Last year, our friends at the University of Nottingham posted up a video all about the fun they had with creme eggs. Rewatching the video while licking out the centre of my egg, I started thinking about how they got that yummy goo into the middle.
I suspected that invertase was involved to make a solid sugar mixture, which over time becomes more liquid-like inside the chocolate shell, but it’s not on the ingredients list. Instead it seems that liquid fondant is used and the whole egg is made by taking advantage of the different densities of liquid chocolate and the sugary fondant goo. The denser fondant displaces the chocolate, pushing it into the mould – so liquid densities make my creme egg as well as layered cocktails.
You can see just how sugary the fondant is in the periodic table of videos creme egg experiments below:
Of course creme eggs should (if I don’t eat them all) last longer than fresh eggs.

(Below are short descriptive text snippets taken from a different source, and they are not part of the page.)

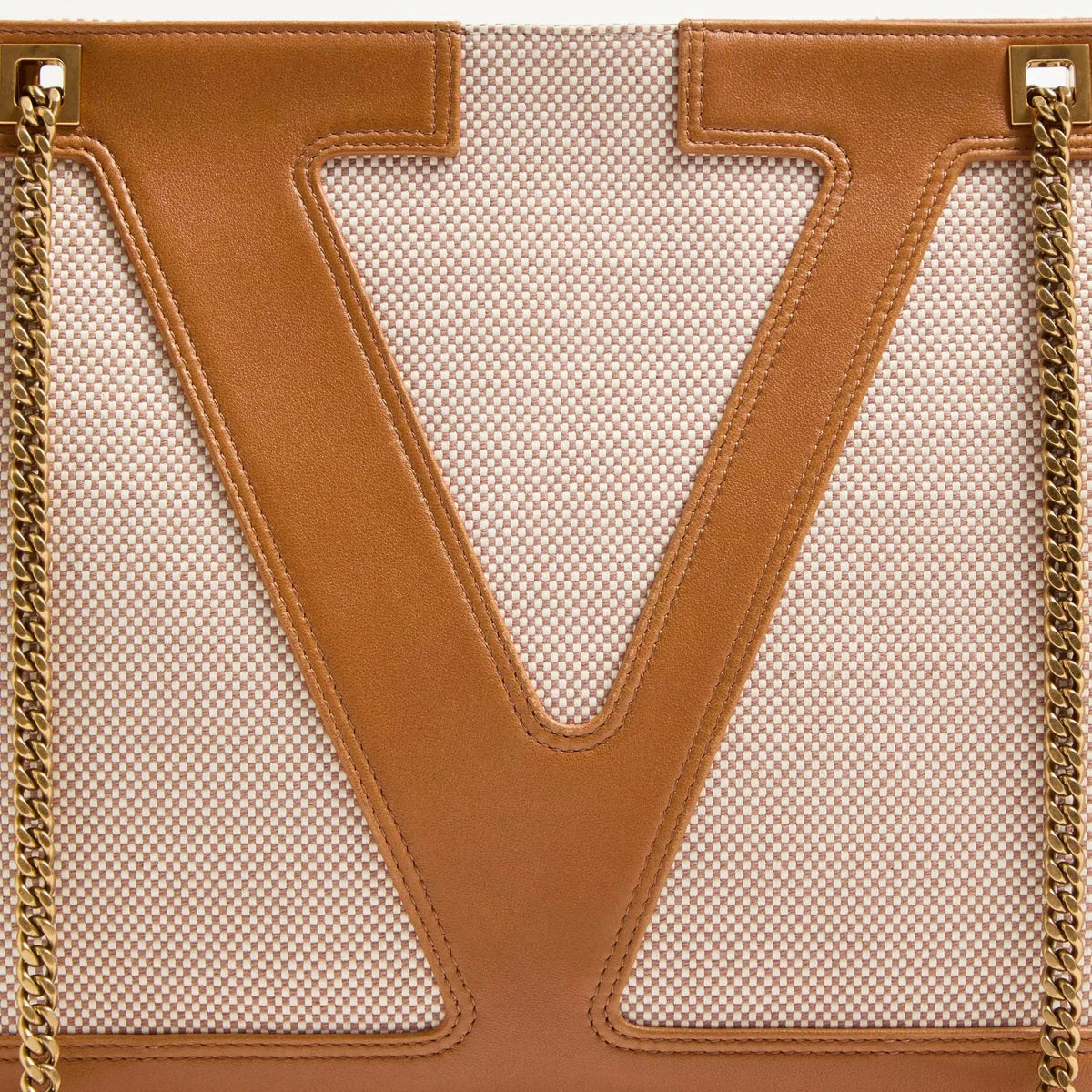 OUVALIA Luxury Edit | Valentino Viva Superstar Bag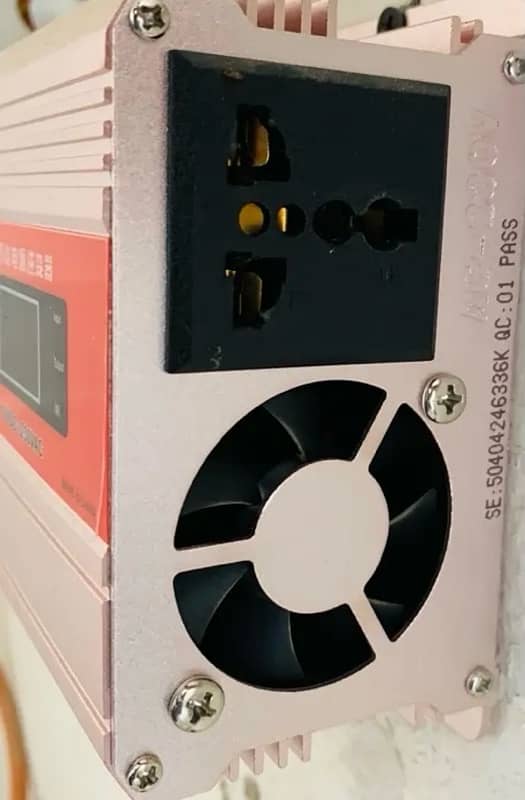 shoer inverter 12v 3000watt(03415052332) 1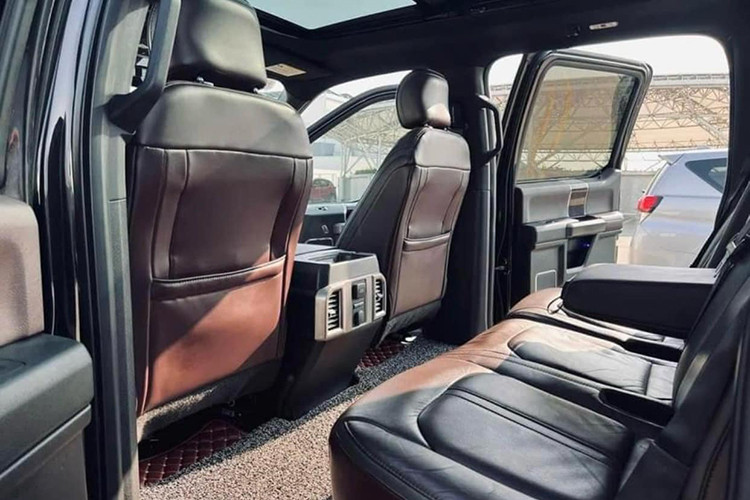 Chiếc Ford F-150 Platinum 2016 này được trang bị động cơ EcoBoost V6 3.5L, cho công suất 365 mã lực và mô-men xoắn 569 Nm. Đi kèm với đó là hộp số tự động 6 cấp và hệ dẫn động 4 bánh (4x4).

Over the years, eggs have been salted in brine and preserved in both acid and alkali. In China raw eggs are cured in alkali to give the (in)famous century eggs. I have to admit I’ve never quite managed to pluck up the courage to try one but others are braver than I.
Whatever type of eggs you eat, if you eat any at all, Happy Easter from the Chemistry World team, we’ll be back on Tuesday.